# Requirement
The required answer is a copy of each line in the entries below that includes "illustrating".

# Given records
════════════════

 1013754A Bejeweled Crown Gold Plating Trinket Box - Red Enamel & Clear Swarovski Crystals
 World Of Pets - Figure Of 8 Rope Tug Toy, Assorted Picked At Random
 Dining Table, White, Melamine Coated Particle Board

════════════════

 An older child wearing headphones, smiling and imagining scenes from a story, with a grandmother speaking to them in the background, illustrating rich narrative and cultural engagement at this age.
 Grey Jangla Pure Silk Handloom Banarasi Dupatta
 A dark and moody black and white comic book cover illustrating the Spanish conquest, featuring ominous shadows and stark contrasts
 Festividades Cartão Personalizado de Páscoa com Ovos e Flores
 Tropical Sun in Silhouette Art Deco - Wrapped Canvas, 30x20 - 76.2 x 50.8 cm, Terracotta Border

════════════════

# Response box
 An older child wearing headphones, smiling and imagining scenes from a story, with a grandmother speaking to them in the background, illustrating rich narrative and cultural engagement at this age.
 A dark and moody black and white comic book cover illustrating the Spanish conquest, featuring ominous shadows and stark contrasts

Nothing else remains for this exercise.